Tens of thousands of men, including many HIV-positive men with low testosterone levels, are trying testosterone shots, patches, and gel hormone-replacement products in hopes of regaining youthful vigor and virility. But a new report uncovers little evidence these treatments work--or are even safe. "Certainly there are people out there who say testosterone replacement therapy is just wonderful and others who say it doesn't do any good at all. What we're saying is we just don't know," said Dan Blazer of Duke University Medical Center, who led an Institute of Medicine probe of the therapy.
The study, commissioned by the National Institutes of Health, shows that very little is known about the effectiveness and long-term risks of male hormone replacement therapy. Only a few studies have been done, all very small and lasting only months, according to the report. That's far too little information to tell if testosterone offers any benefit to men who aren't markedly deficient in the hormone--much less whether it's safe, concluded a panel of experts in hormones and men's health. The chief safety concern is that boosting testosterone levels for long periods could spur the growth of prostate cancer, already a big risk as men age. The report urges the NIH to begin a series of long-term research projects to examine these issues.

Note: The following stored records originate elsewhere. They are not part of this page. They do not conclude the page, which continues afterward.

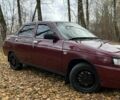 Червоний ВАЗ 2110, об'ємом двигуна 1.6 л та пробігом 270 тис. км за 1900 $, фото 1 на Automoto.ua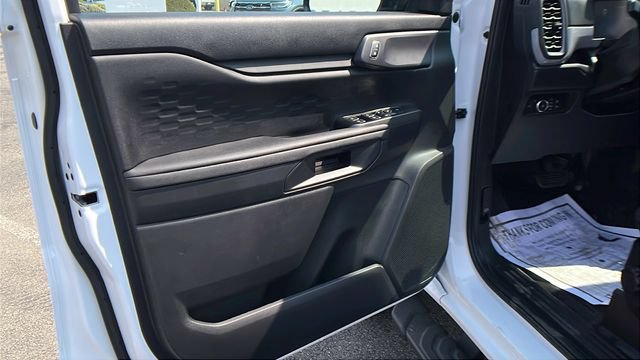New 2026 Ford Ranger XL w/ Trailer Tow Package RWD image 14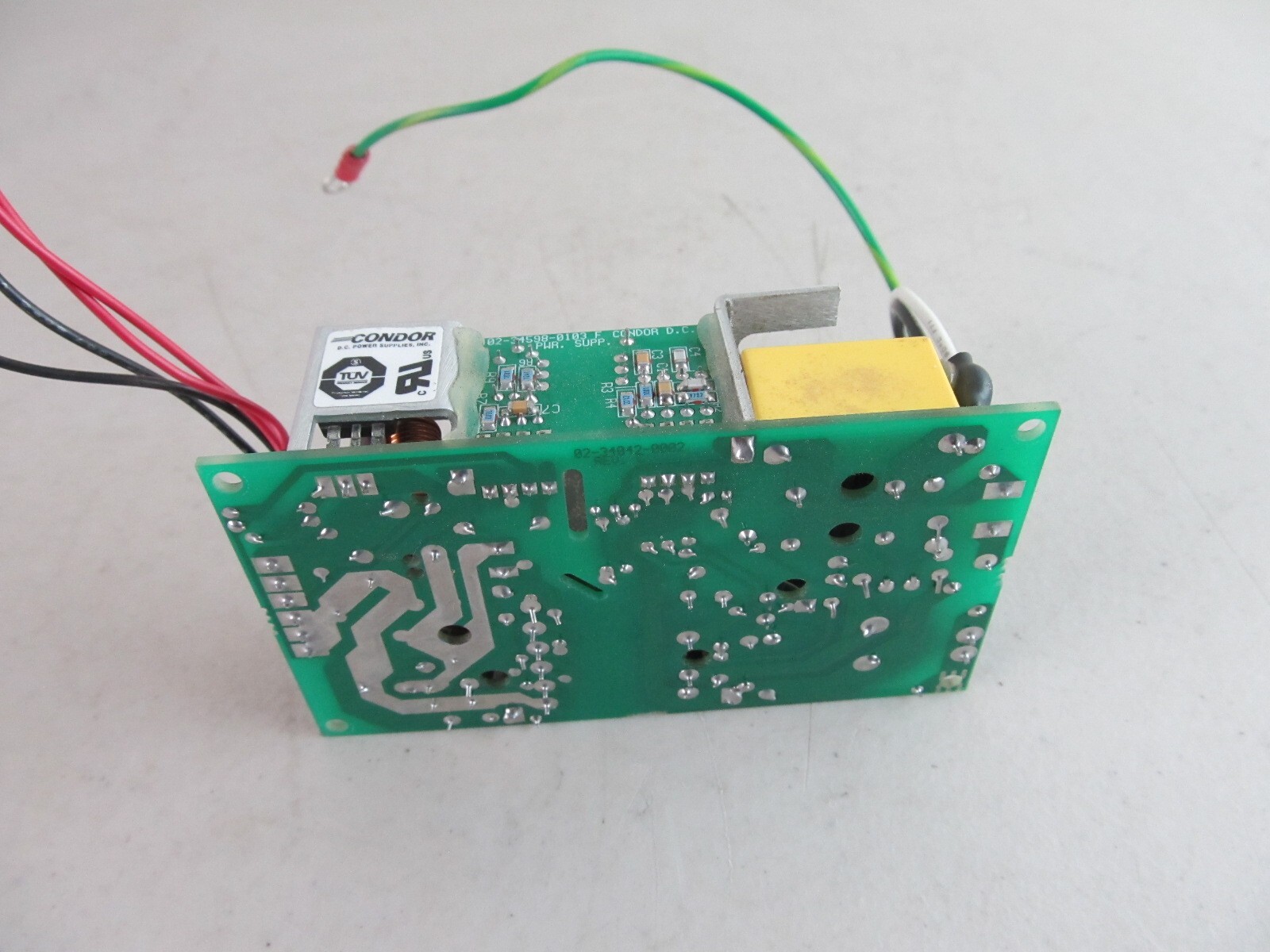 GLC5024 CONDOR POWER Supply 24VDC 2.1A Output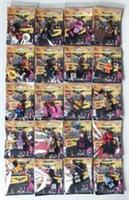 Lego Batman Movie Series 1 - Genuine Brand New Complete Set Of 20 Minifigures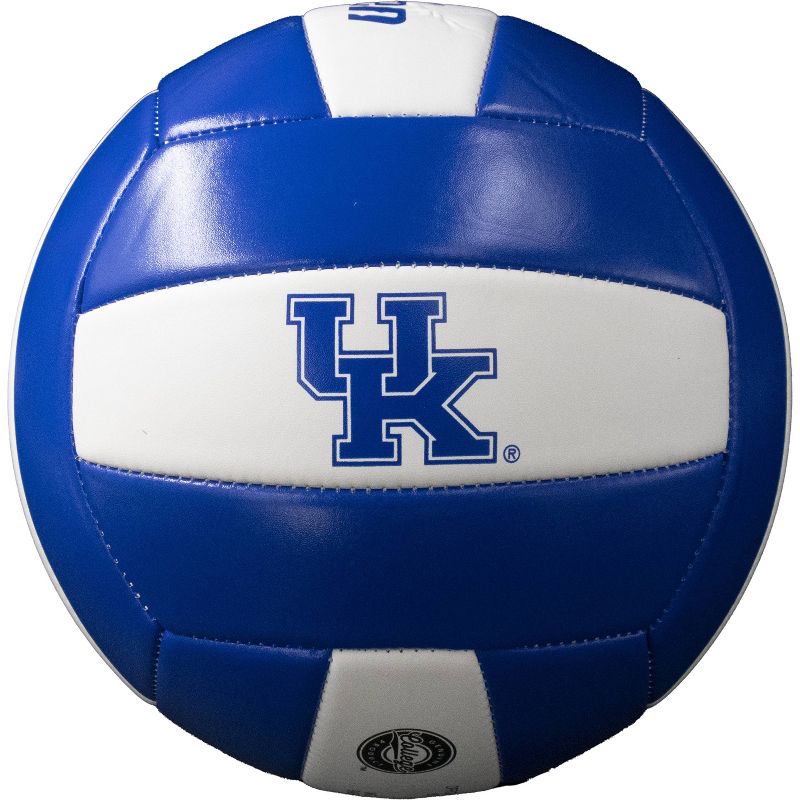 NCAA Kentucky Wildcats Vintage Volleyball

Demand for prescription testosterone treatment by men whose natural hormone levels are near normal is rising rapidly, the study found. The Food and Drug Administration has approved testosterone therapy for men with hypogonadism, including those with HIV infection, where the body makes very little testosterone. An estimated 4 million to 5 million Americans have hypogonadism, but only about 5% are thought to be getting treatment. But more than 1.75 million prescriptions for testosterone products were written in 2002--a 170% increase from 1999--for an estimated 800,000 patients, meaning a lot of men using testosterone may be using the products even though they are not suffering from hypogonadism.